After two days of recovery, the Dow Jones Industrial Average stabilised around 46,600

    by VT Markets
    /
    Oct 16, 2025

    The Dow Jones Industrial Average (DJIA) rose on Wednesday, briefly surpassing 46,600 before stabilising. Wall Street’s current quarterly earnings reports are surpassing expectations, particularly in investment banking and luxury goods, despite ongoing US-China trade tensions and the prolonged US government shutdown.

    Morgan Stanley And LVMH Thriving

    Morgan Stanley and Bank of America both exceeded earnings expectations, with shares rising 6% and 5% respectively. French company Moet Hennessy Louis Vuitton SE saw its shares soar over 12% after strong earnings results, reinforcing optimism for record-breaking earnings. The US government shutdown, unresolved due to lack of funding resolution, impedes official data release but allows the Federal Reserve to potentially cut interest rates twice by year-end.

    The DJIA, a longstanding stock market index comprising 30 major US stocks, is price-weighted, not capitalisation-weighted. Criticised for not being broadly representative, it contrasts with the more inclusive S&P 500. The DJIA’s performance is driven by company earnings, macroeconomic data, and Federal Reserve interest rates, influencing sentiment, credit costs, and inflation impacts.

    Dow Theory, developed by Charles Dow, identifies market trends by comparing DJIA and DJTA directions. Trend phases include accumulation, public participation, and distribution. Investors can trade DJIA via ETFs like SPDR Dow Jones Industrial Average ETF, DJIA futures, options, and mutual funds, offering diversified portfolio exposure.

    Australia is preparing to release its monthly employment report for September, with expectations of adding 17,000 jobs and maintaining an unemployment rate of 4.3%. Recent months have seen similar modest employment outcomes.

    With the Dow Jones pushing past 46,600, the market is clearly focused on strong corporate earnings from banks and luxury brands. This positive momentum from companies like Morgan Stanley and LVMH is overshadowing other significant risks. For now, the path of least resistance appears to be upward, driven by this earnings optimism.

    Market Risks And Opportunities

    We see a notable disconnect between equity performance and underlying political risks like the ongoing government shutdown and US-China trade tensions. This market complacency is reflected in the CBOE Volatility Index (VIX), which has been trading below 15, a level that historically indicates low market fear. This reminds us of similar periods, like late 2017, where markets climbed despite growing background risks.

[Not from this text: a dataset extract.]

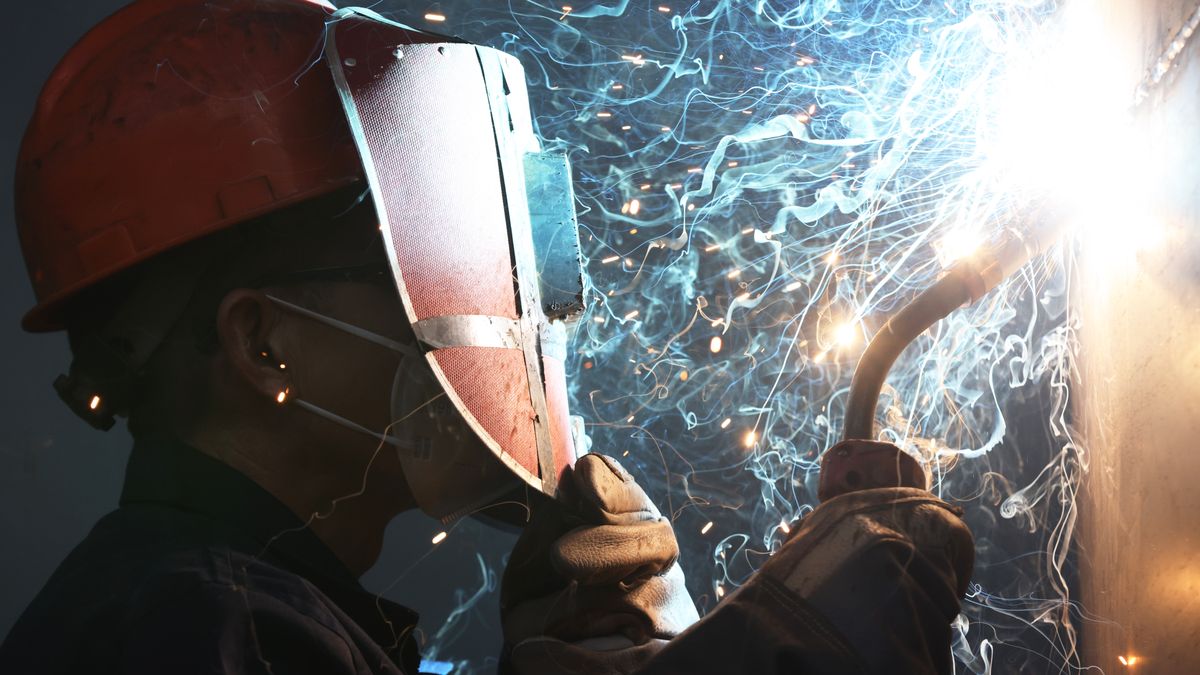 HUZHOU, CHINA - DECEMBER 16: A worker welds core equipment for photovoltaic projects at Zhejiang Dachuan Air Separation Plant Co., Ltd. on December 16, 2025 in Huzhou, Zhejiang Province of China. The core equipment for photovoltaic projects will be exported to Southeast Asian countries. (Photo by Ni Lifang/VCG via Getty Images)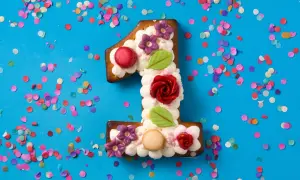 Ein süßer number cake in Form einer Eins, verziert mit Sahne, Blumen und Rosen, umgeben von buntem Konfetti.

    The shutdown is creating a unique situation where a lack of official economic data gives the Federal Reserve more reason to proceed with its easing cycle. Markets are now fully pricing in two more interest rate cuts before the end of the year, likely at the November and December FOMC meetings. These anticipated cuts are providing a strong tailwind for stocks, making it difficult to bet against the market in the short term.

    In the coming weeks, we should consider riding this bullish wave through short-term call options on the SPDR Dow Jones Industrial Average ETF (DIA). Given the strength in the financial sector, buying calls on standout performers like Bank of America could also be a profitable strategy. The market’s current focus is narrow, so we should align our strategies with the earnings narrative.

    However, we must also prepare for an eventual shift in sentiment when the government reopens and delayed economic data is released. Buying longer-dated, out-of-the-money puts on the DJIA for early 2026 could be a cheap way to hedge against a potential sharp correction. This is a prudent measure in case the eventual data reveals economic weakness that the market is currently ignoring.

    Looking back at the government shutdown of 2018-2019, we saw the market eventually react to the prolonged uncertainty before recovering. While the primary trend remains up, with both the industrial and transport averages climbing, we should watch trading volumes closely. A rally on declining volume could be a sign of distribution, suggesting smart money is beginning to exit positions.